Data extracted from a collection
-*-

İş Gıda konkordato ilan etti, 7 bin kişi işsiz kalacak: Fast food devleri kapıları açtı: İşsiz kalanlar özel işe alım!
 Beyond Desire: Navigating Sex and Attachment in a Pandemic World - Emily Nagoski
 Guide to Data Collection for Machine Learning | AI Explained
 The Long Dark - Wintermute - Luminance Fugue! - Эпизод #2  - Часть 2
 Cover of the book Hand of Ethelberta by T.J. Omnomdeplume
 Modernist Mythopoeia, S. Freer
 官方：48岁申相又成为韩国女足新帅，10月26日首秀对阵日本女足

-*-

Nothing in the data should be left out when you retype it exactly.

İş Gıda konkordato ilan etti, 7 bin kişi işsiz kalacak: Fast food devleri kapıları açtı: İşsiz kalanlar özel işe alım!
 Beyond Desire: Navigating Sex and Attachment in a Pandemic World - Emily Nagoski
 Guide to Data Collection for Machine Learning | AI Explained
 The Long Dark - Wintermute - Luminance Fugue! - Эпизод #2  - Часть 2
 Cover of the book Hand of Ethelberta by T.J. Omnomdeplume
 Modernist Mythopoeia, S. Freer
 官方：48岁申相又成为韩国女足新帅，10月26日首秀对阵日本女足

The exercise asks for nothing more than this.